What’s next when reform fails?

What do you do when you’ve invested a lot of time and money in an educational reform, and it doesn’t work?

If you’re the Los Angeles school district, and you spent $1.3 billion on iPads and educational software that doesn’t transform student learning, you sue to recoup some of your money.

But what if your failed reform efforts can’t be blamed on specific outside targets?

Last week, for one of my graduate classes, I read about the Duval County (Florida) school system’s efforts to improve student performance with “standards-based reform.” This is old news to anyone in Florida — it happened in the early 2000s. But it was news to me. And depressing.

Between 1999 and 2001, Duval adopted the “America’s Choice” school reform model. District-wide standards were designed identifying what students should “know and be able to do,” and teachers K-12 were trained to understand and use standards, connect student work to standards, develop common expectations and so on. I couldn’t find a price tag, but with 100,000+ students, it must have cost millions to implement.

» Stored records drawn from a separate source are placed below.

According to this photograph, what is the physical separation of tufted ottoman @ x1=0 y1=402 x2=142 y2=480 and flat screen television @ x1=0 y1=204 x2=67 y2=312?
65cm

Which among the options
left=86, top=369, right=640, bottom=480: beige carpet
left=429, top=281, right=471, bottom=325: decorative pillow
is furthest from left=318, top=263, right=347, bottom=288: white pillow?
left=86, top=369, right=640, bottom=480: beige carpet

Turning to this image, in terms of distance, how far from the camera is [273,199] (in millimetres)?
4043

In the end, a massive evaluation of the program showed thorough implementation and almost no improvement. “Except for elementary reading, analyses of school-level average test performance show little evidence of sustained systemwide impacts on student learning.” Ouch.

If we’re interested in improving our schools, what lesson should we draw from this?

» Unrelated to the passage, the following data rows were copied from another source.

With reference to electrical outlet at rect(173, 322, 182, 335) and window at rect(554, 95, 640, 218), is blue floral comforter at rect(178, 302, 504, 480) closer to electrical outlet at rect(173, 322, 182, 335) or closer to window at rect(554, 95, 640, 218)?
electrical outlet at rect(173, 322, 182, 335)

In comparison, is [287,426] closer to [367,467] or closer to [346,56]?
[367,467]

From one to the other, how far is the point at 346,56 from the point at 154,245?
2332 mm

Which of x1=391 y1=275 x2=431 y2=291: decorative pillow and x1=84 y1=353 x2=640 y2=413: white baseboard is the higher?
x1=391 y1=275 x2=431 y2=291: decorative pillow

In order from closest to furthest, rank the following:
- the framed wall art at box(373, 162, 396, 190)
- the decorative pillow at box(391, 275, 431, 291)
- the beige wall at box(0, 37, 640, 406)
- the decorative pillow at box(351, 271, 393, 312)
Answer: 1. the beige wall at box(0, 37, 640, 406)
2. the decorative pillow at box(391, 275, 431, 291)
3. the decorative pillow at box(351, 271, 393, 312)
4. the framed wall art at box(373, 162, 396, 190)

Schools keep looking for someone, some idea, something that will lift student performance. Here in Minnesota, both Minneapolis and St. Paul will have new superintendents this year, and the pressure will be on them to provide systemic reforms.

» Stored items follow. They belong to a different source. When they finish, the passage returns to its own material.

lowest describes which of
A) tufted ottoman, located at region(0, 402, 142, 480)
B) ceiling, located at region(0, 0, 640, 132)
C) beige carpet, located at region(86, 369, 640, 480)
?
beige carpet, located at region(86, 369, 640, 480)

But maybe this large-scale, systemic reform isn’t really the way to go. Maybe instead we should focus on individual classrooms and what happens there.

According to Gates Foundation MET research, deep learning happens in about 20% of classrooms, no matter what school you study. Maybe we need to focus on what is happening in those classrooms — what those teachers are doing right — and figure out how to expand it to more classrooms.

Or perhaps we should start with the students. We know students flourish in some classrooms and wither in others. Let’s ask them why and use their input to develop better teaching strategies.

We need to stop expecting that some massive new top-down program is going to reduce the achievement gap and boost American public schools’ ranking on PISA exams. There is no magic bullet, but there are success stories in schools everywhere. We need to find them and build on them.